Se você está empregado, tente começar ou aumentar ao máximo sua reserva financeira. Especialistas no assunto dizem que uma reserva de 6 meses a 12 meses dos seus gastos é ideal. Como em tempos de crise, a recolocação no mercado tende a demorar mais, quanto mais você puder aumentar sua reserva de emergência, melhor.

Se você foi demitido, agora é hora de começar a usar sua reserva enquanto planeja seu próximo passo profissional, mas lembre-se se começar pelas dicas anteriores e focar em reduzir seus gastos para aumentar o tempo de duração da sua reserva.

Invista com liquidez

Se você já tem e está conseguindo manter uma reserva de dinheiro, busque aplicá-lo em investimentos com retornos reais, mas que sejam de baixo risco e alta liquidez, como fundos referenciados DI ou títulos do Tesouro.

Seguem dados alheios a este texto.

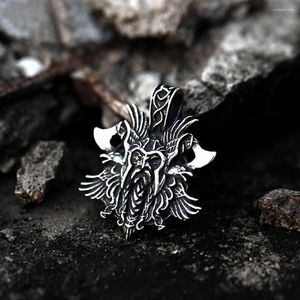 Anhänger Halsketten Doppel Axt Wikinger Krieger Männer Keltische Knoten Halskette Edelstahl Nordic Odin Krähe Amulett Schmuck Geschenke Drop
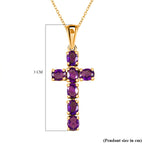 Royal Bali Collection - D'Joy Amethyst Cross Pendant with Chain (Size - 20) in 18K Vermeil Yellow Gold Plated Sterling Silver 1.10 Ct._4202880_6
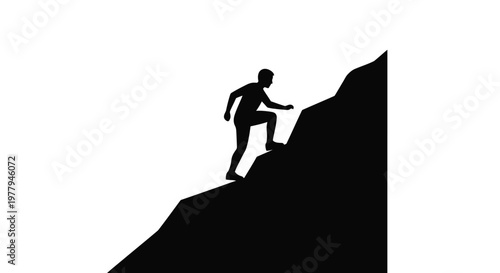 Minimalist vector graphic illustration of a determined human silhouette climbing a steep mountain peak representing business success achievement and overcoming challenges to reach the high top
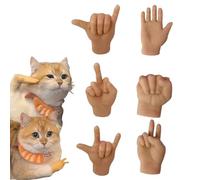 Mini Hands for Cats, Tiny Finger Hands, Little Cat Hands for Fingers, Finger Puppet for Cat Paws, Finger Gloves for Cats, Small Tiny Hands Soft for Cat Massage (6pcs)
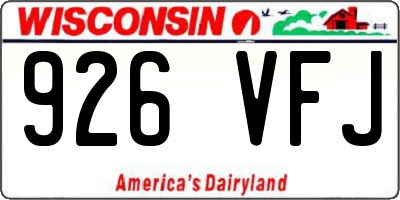 WI license plate 926VFJ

Não deixe seu dinheiro na poupança porque com a alta da inflação, o rendimento real desta aplicação não compensa.

Adie decisões que comprometam muito dinheiro

O atual momento econômico é marcado por inflação, juros altos e deterioração do mercado de trabalho. Se você está empregado, pode correr o risco de ser demitido e se está fora do mercado de trabalho, é difícil prever quando irá se recolocar.

Em momentos como esse, decisões que envolvam muito dinheiro devem ser pensadas com cuidado. Adquirir um bem com um financiamento por exemplo, pode ser arriscado dado os altos juros, além de imobilizar seu patrimônio. Caso você precise do dinheiro, a venda do bem exigiria algum tempo. Ter um filho é outro exemplo de decisão que deve ser bem pensada neste momento, porque envolve dispêndio de tempo e dinheiro.

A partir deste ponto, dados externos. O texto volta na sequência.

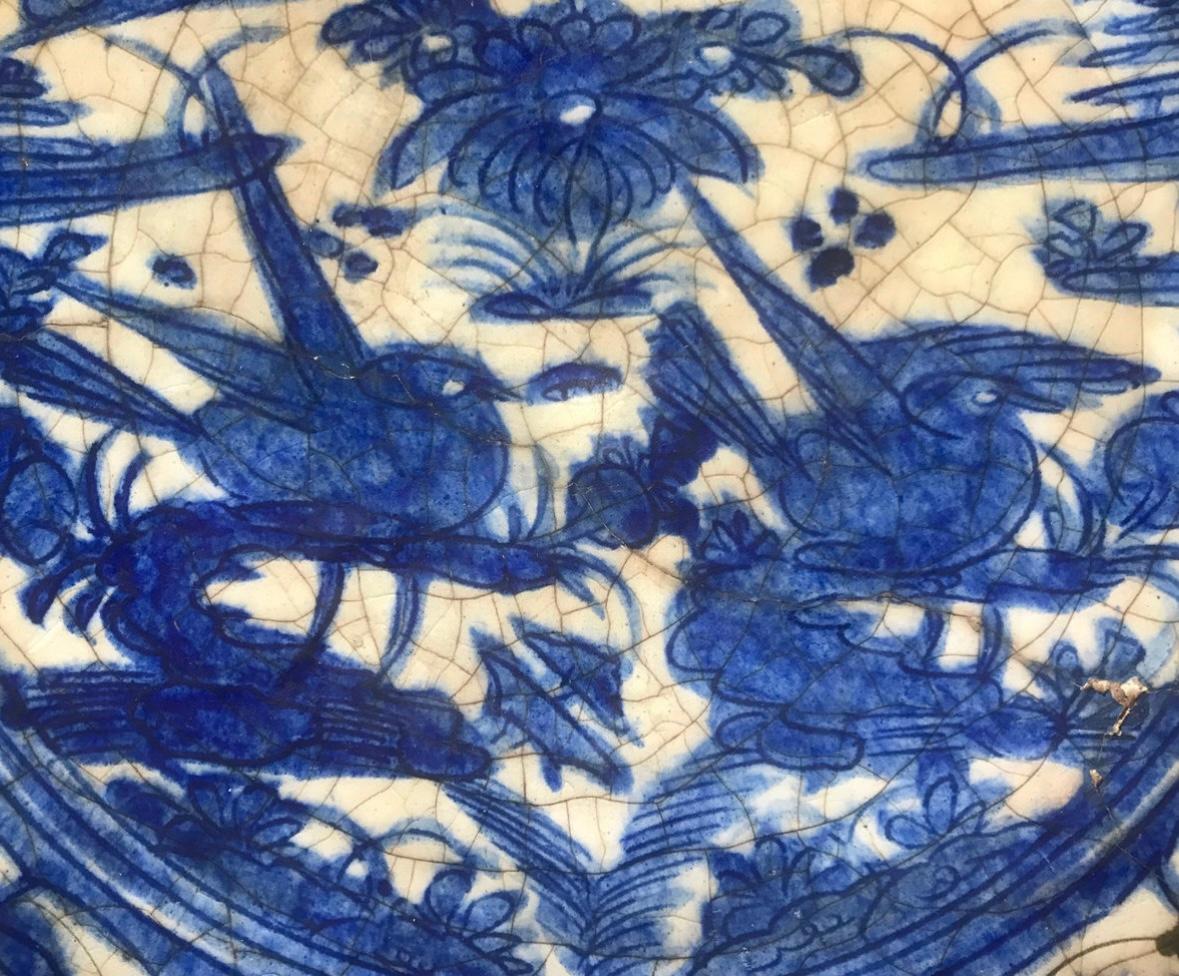 18th Century and Earlier Extremely Rare Islamic Safavid Blue and White Large Dish Persian 16th Century. For Sale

Pense sempre se não vale aguardar mares mais calmos para tomar sua decisão. Se for algo extremamente relevante e inadiável, pense em apertar o cinto em outras frentes para reduzir seu risco, ok?

O objetivo deste artigo não foi passar uma fórmula mágica sobre finanças, mas descrever passos que podem te ajudar a enfrentar as tempestades de forma mais segura.